Obviously, this has a huge simplifying effect on the telecom network architecture. Once you go to an all-IP core, you can finally ditch all of that legacy hardware and take advantage of the last forty years’ worth of network engineering. Tasks like firewalling, traffic shaping, and network monitoring become incredibly easy, as does building out the network.

Cellular Networks Are Centralized For Architectural Choice

Okay, so everything’s IP-based, and that’s great… but cellular networks still aren’t the same as the Internet. Astute readers will have already noticed that if all IP traffic from the handset is tunneled to the network core, then all traffic must be routed through the core, regardless of how close its final destination is. As a trivial example of this, all the datagrams for a call between two phones connected to the same cell tower will, in fact, be routed through the core – and if the core’s too congested, the call won’t go through, regardless of the available bandwidth at that tower. This is very un-Internet-like behavior, and brings me to the biggest difference between cellular networks and the Internet, being that of centralization.

Because of centralization, it’s challenging to create a good networking analogy for the relationship between the towers and the core. On one hand, GTP tunneling ensures that the first “hop” for all traffic generated by the handset is the network core – and in this view, the entire LTE network can be thought of as a single, massive WiFi router, with each individual cell tower representing a different antenna, and the network core performing tasks such as authentication, NAT, and packet switching upstream.

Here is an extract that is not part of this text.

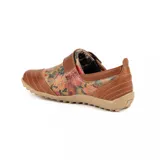 Zapato bajo de cuero negro con diseño artesanal, hebilla lateral metálica dorada y costuras decorativas.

On the other hand, this analogy is not wrong – but it’s also absurd, given the size and scale of these networks, and the amount of engineering and technology that goes on to setup and maintain these tunnels. Cell towers are quite powerful devices, and it’s trivial to imagine a world wherein each cell tower is in charge of performing NAT and routing, and then the whole network core is simply packet-switched – this would actually be the WiFi analogy I described above. There are many reasons why this doesn’t happen, including vestigial design and backwards-compatibility with previous generations of cellular networks, but the main reason is the fact that cellular networks are a singular, massive enterprise network – and when we look at WiFi networks, we see the same designs!

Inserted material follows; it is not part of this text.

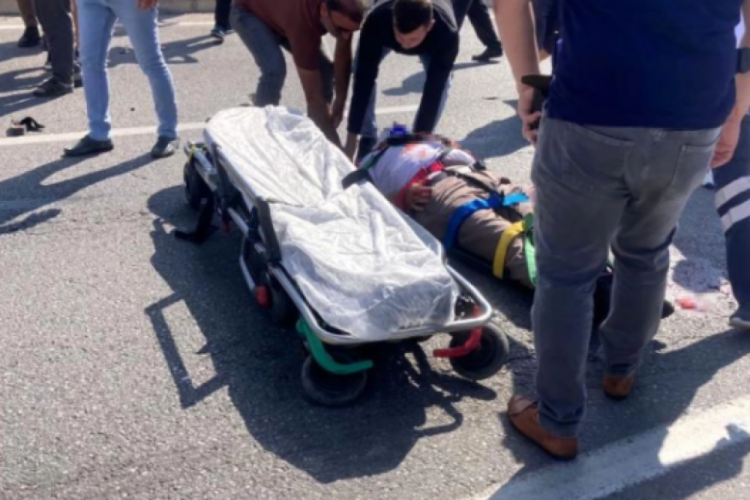 Motosiklet ile otomobil &ccedil;arpıştı: 1 &ouml;l&uuml;, 1 ağır yaralı!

Enterprise WiFi Is Equally Centralized

Our team recently realized that the best analogy for understanding LTE is Meraki. For those of you not familiar, Meraki is a set of cloud-based tools that automatically configure, deploy, manage, and provision enterprise-scale WiFi networks. Under Meraki, each WiFi router is centrally controlled, and this architecture enables things such as (1) a shared SSID across a large number of routers, (2) seamless mobility management over the network, (3) singularly controlled authentication and sign-in, etc. Meraki’s used in most large-scale enterprise or campus networks, basically anywhere that has a single “WiFi network” with tons of different individual access points. If this sounds remarkably similar to a cell network, it’s because it is.

Bringing This Back to CoLTE

Now that you’re up to speed with the basic LTE architecture, it’s time to bring this all back to the CoLTE project. A CoLTE network consists of a single cell tower combined with a single computer running all the core network logic. The core is connected to the Internet upstream, at which point it’s nothing but IP packets, so all the complexity goes away, the entire network condenses into a single physical unit, and the initial analogy of a WiFi router is incredibly apt. Hope this article’s been informative and useful, and thanks for reading!